Driverless cars, playing games against computers and more precise medical diagnoses have made headlines in the 2010s. All of these are made possible by one powerful development—artificial intelligence.
Artificial intelligence, or AI, is broadly defined as using machines to perform tasks normally done by humans, whether it’s challenging a human to a game of chess, automatically filtering spam out of your inbox or interpreting medical imagery for accurate patient care. Most applications require creating more sophisticated algorithms to make computers faster and more precise—a field that’s exploded over the last decade.
“It’s truly remarkable how far we’ve come in this field of advanced science,” said Ervin Sejdic, associate professor of electrical and computer engineering at the University of Pittsburgh, who specializes in intelligent systems.
Pitt has enjoyed a front-row seat to AI testing in the city of Pittsburgh recently, with autonomous vehicle testing by multiple companies and smart robots in innovation labs, as well as research in fields such as medicine and education coming out of the University itself.
Sejdic’s current research is in medical applications for AI, including one study he co-authored that used AI to interpret sensor positioning and movement of the hyoid bone during swallowing. This noninvasive tracking could be used to treat and rehabilitate patients who have trouble swallowing due to injury or disease.
Despite advances like these, Sejdic believes the next decade will bring an “AI winter” as real-life applications catch up to the sheer power of new technologies and algorithms.
“There is too much hype going on, and many researchers, scientists and engineers will leave the field as they realize that the true power of AI lies in data and applications,” he said. “And without a thorough understanding of real-life needs in various applications, it will be difficult to create more algorithms and solutions. People that always did AI, data science and machine learning research will be still there, but many people currently involved in this world will move on to the next topic du jour.”
Sejdic believes the “true power” will be in the automation of tasks.
“If you’re a radiologist and AI is used to identify cancerous spots on lungs, you can focus on other tasks such as determining the best treatment options for patients. It would improve the workplace for everyone involved,” he said.
“There’s a lot of excitement about AI. One misconception is that people want to use AI to replace teachers and other workers, but that’s not at all where the research is headed,” said Litman.
Rather, Litman said, the future lies within how AI can be used in tandem with teachers to facilitate tasks that the computer can do, but quicker and easier. This will free teachers to devote their time to more complicated aspects of the job, such as guiding classroom discussions or making sure students are getting equitable opportunities to learn in class.
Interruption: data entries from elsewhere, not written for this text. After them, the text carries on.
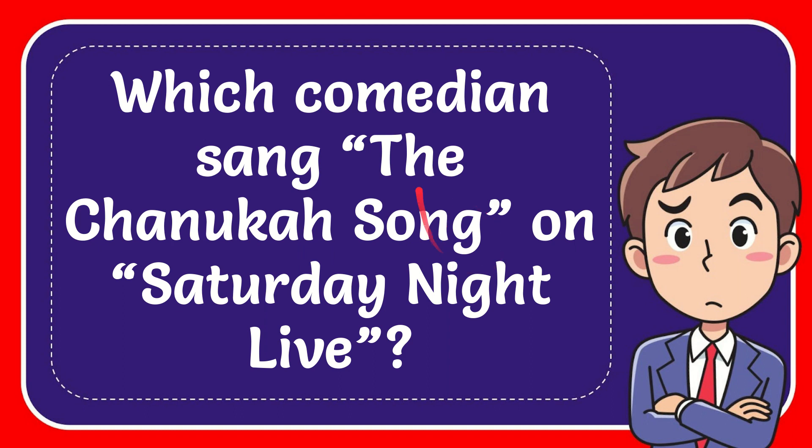In this video, I'm going to give you the answer to this question. The question is, which comedian sang the Chanukah song on Saturday Night Live?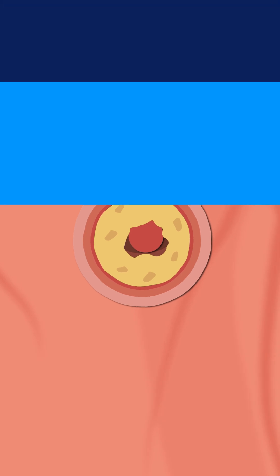Atherosclerosis comes in many forms. There are stable forms where blockages in heart arteries cause angina, such as chest pain when you're walking, but it can also cause heart attacks when a plaque in the artery ruptures and blocks the artery.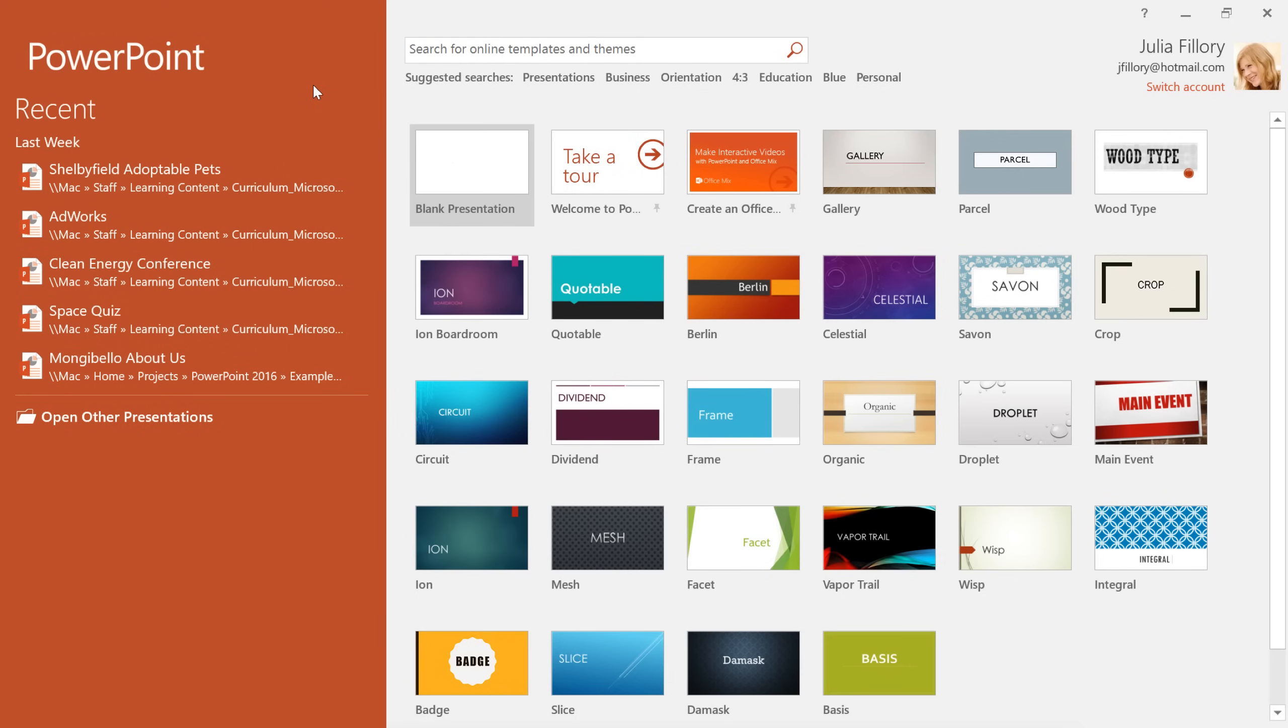When you open PowerPoint, there's a good chance you'll be taken to the Start screen first. From here, you can access recent presentations or create something new, either from scratch or from one of the built-in themes. In this example, we'll click Blank Presentation.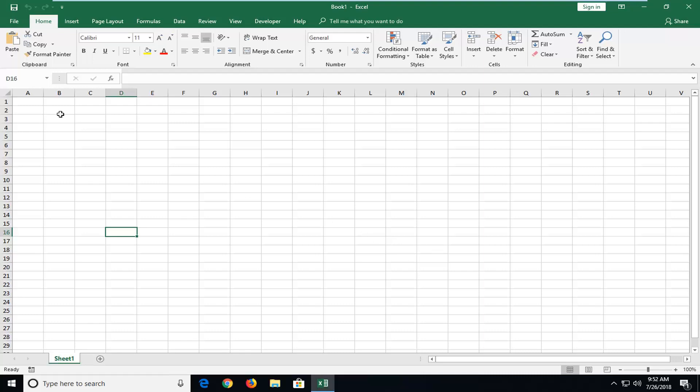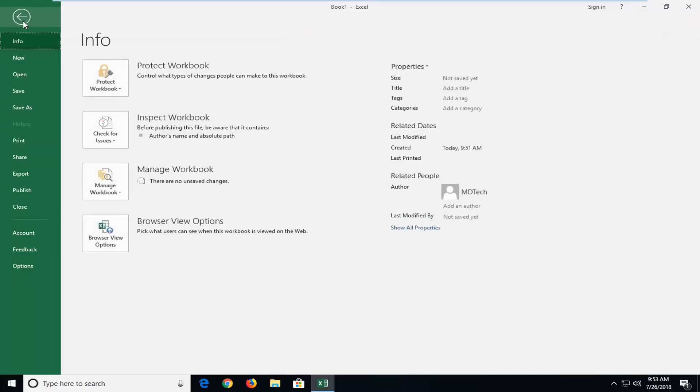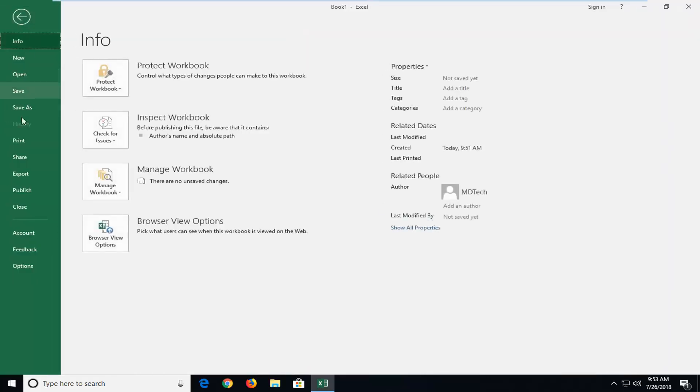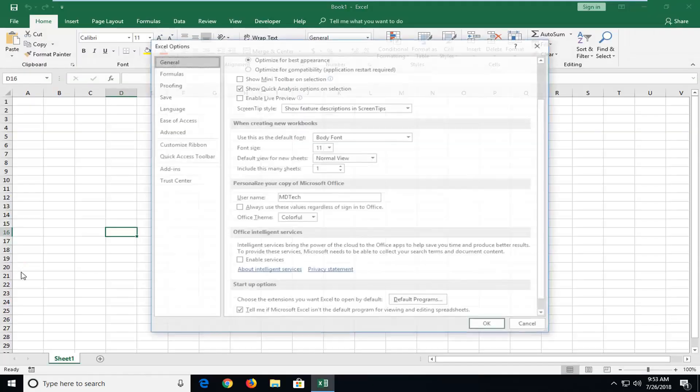So we're going to begin by left clicking on the file tab up in the top left one time, and then you want to go down and left click on options.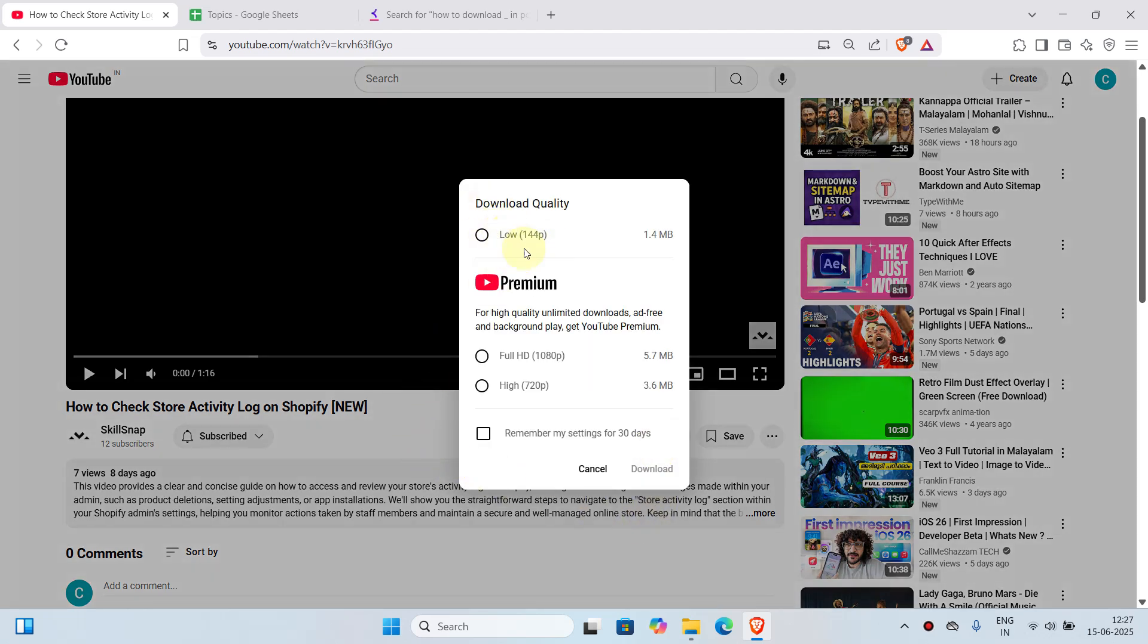Now you can see the download quality of low, which is free. You can download the video in low quality for free. If you want to download in a higher quality, you will have to buy a premium subscription of YouTube.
She said that there’s a lot of interest in using AI to develop systems to support personalized education—like giving students more personalized feedback on their work.
“In addition to seeing more feedback on student papers, we’ll see a lot more computer-based tools to help students with their academic writing,” said Amanda Godley, center associate at LRDC and professor in the School of Education. “And that will mean that students will get more feedback because they’re not only relying on their instructors.”
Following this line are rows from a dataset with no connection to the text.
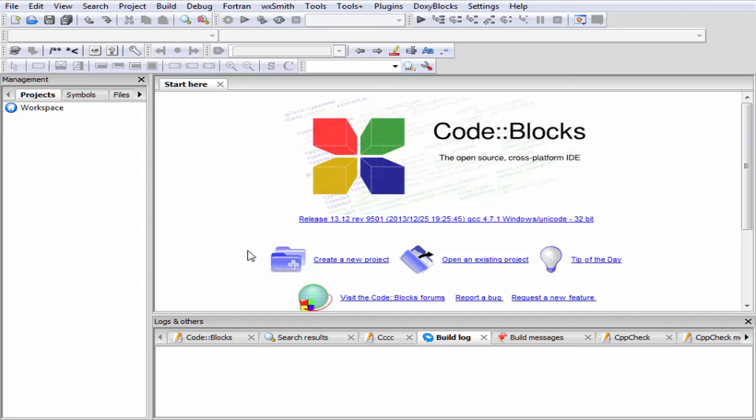Hello friends, welcome to Slide Hunt with a video tutorial on C++ programming. In this tutorial we write our first C++ program. First we open up our Code::Blocks IDE. You can click on create a new project or you can go to File, New, and then select Project.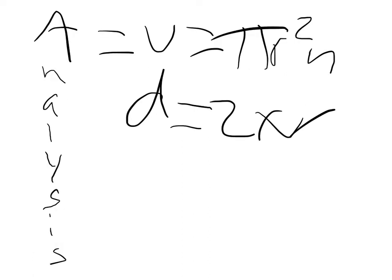Analysis: Volume equals pi r squared times height, and diameter equals 2 times r.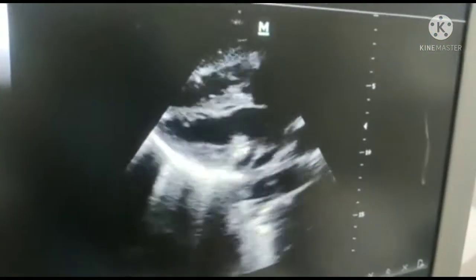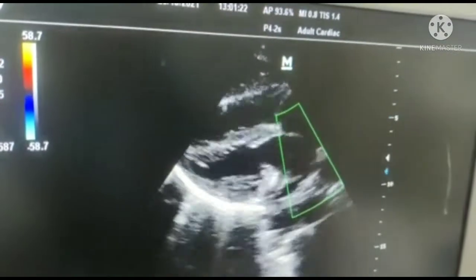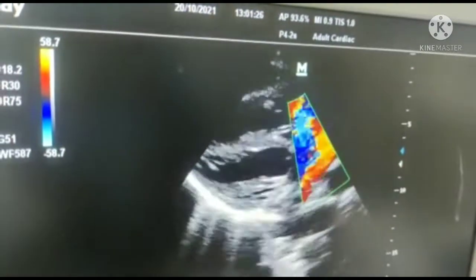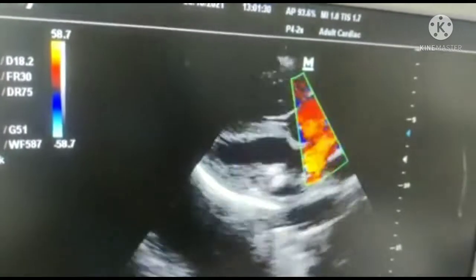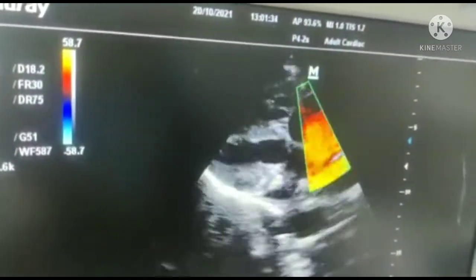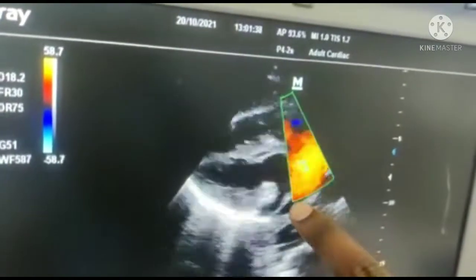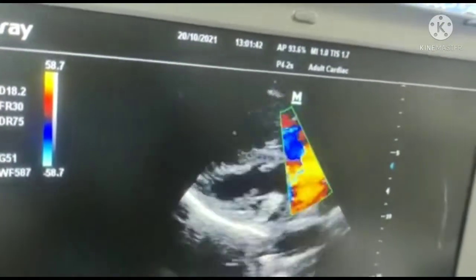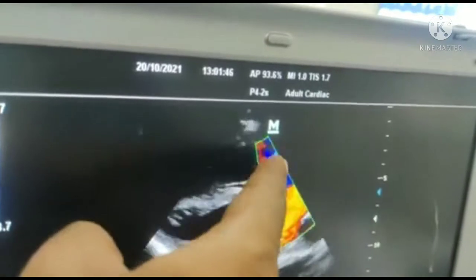Can we demonstrate the shunt? Yes. In color Doppler, you can see the flow from the left atrium to the right atrium. The chamber below is the left atrium and the chamber above is the right atrium. So the chambers are LV, LA, RV, and RA.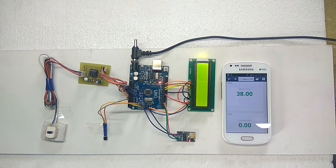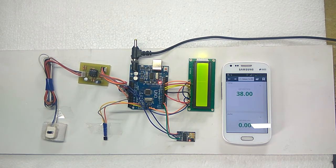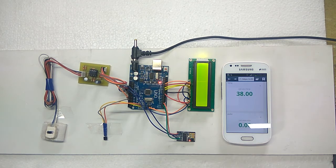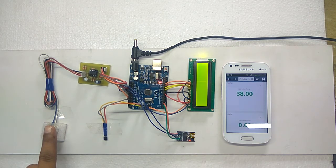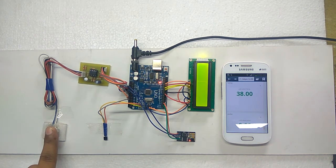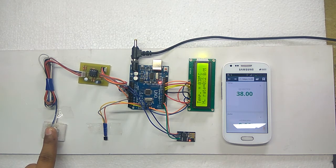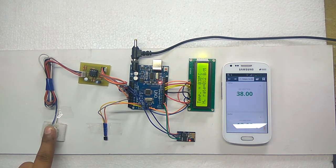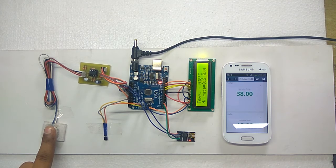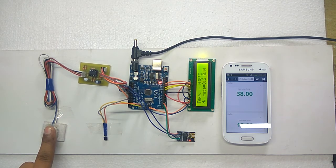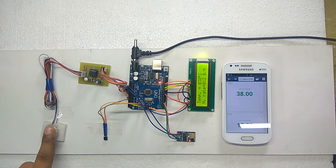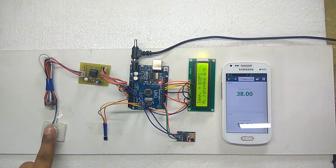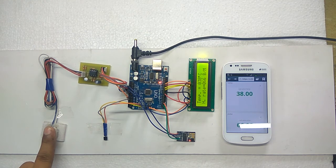Now we are keeping the fingertip on the heartbeat sensor. The blinking LED shows the heartbeat. The Arduino counts heartbeat for 15 seconds and calculates for 1 minute.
While a computer program can’t grade a paper by itself, it can address patterns of grammatical errors or illogical reasoning in a particular student’s piece of writing, leaving the instructor to coach the writer to address those issues, for example.
Litman and Godley have been working together since 2012 studying the use of AI in education. Their most recent collaboration is focusing on helping teachers navigate what’s going on in their own classrooms.
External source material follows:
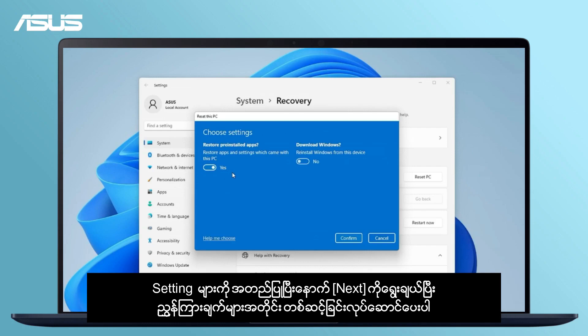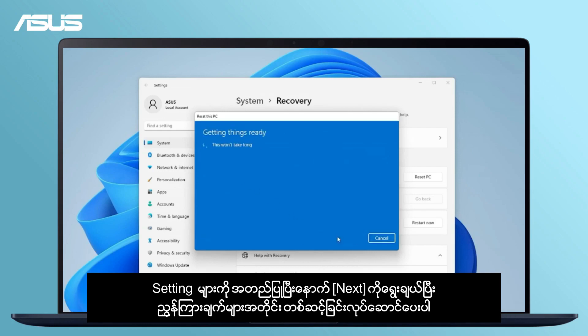After confirming the settings, select Next. Follow the step-by-step instructions to complete it.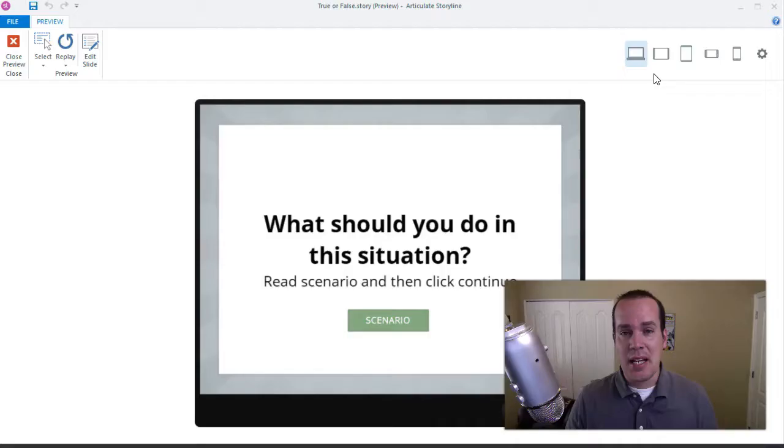Hey everyone, this is Jeff Batt and welcome to this tutorial on how to use true or false variables inside of Storyline.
In October 2019, Godley and Litman were awarded a grant from the National Science Foundation to develop a computer-driven interface for English teachers to test the ways in which their in-class discussions, or classroom talks as Godley calls them, are productive for student learning. The tech measures this through specificity of student language, the argumentative structure of their claims and the collaborative nature of their discussion.
“Good classroom talk has such a connection to student learning,” said Godley. In the years ahead, she said to expect more accurate and more frequent feedback on classroom talks—to benefit both teachers and students.
“The teacher and the student can look at the data and think: Do I need to explain my ideas more? Where are opportunities where I can question my classmates more often, or ask more open-ended questions?”
And though developments in AI bring promise for the future across many different fields of research, Litman said challenges will come with it.
“Another area that is salient now, for AI in general, is recognizing that a lot of these systems have bias built into them, so there’s more of an interest in ethical issues,” said Litman. “There’s a huge concern for privacy in the data we collect and how it’s being used—so it creates technical challenges.”
In addition to privacy worries, Godley said it’s important that educators understand the limits of what AI can do. “For instance, one of the computer-driven interfaces we developed to provide feedback on teacher talk can detect the frequency of teachers’ open-ended questions with good accuracy across five or six class sessions but not on a single question or class session. Therefore, teachers and researchers should not use it to get feedback on or assess just one class session,” she said.
And while some fear that AI will replace humans and lead to fewer jobs, Sejdic predicts that AI will create more jobs than it will kill. He said the growing demand for skilled workers who can program and adjust machinery will actually mean more opportunities for work and education.
“There will always be a need for human workers, even in an AI-friendly future,” he said.